[Task inputs]:
■ ■ ■

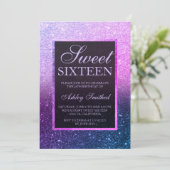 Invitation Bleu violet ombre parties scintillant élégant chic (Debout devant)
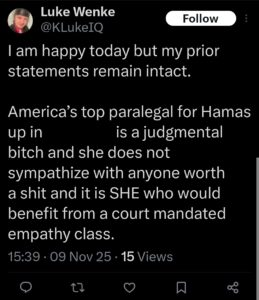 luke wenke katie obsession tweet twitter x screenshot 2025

■ ■ ■

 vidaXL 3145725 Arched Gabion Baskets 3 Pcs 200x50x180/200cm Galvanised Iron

■ ■ ■

[Exercise directions]: Above are the records; return the lines in them from the one with "Invitation Bleu violet" to the one with "luke wenke katie", inclusive, exactly and without images.

[Response to this task]:
 Invitation Bleu violet ombre parties scintillant élégant chic (Debout devant)
 luke wenke katie obsession tweet twitter x screenshot 2025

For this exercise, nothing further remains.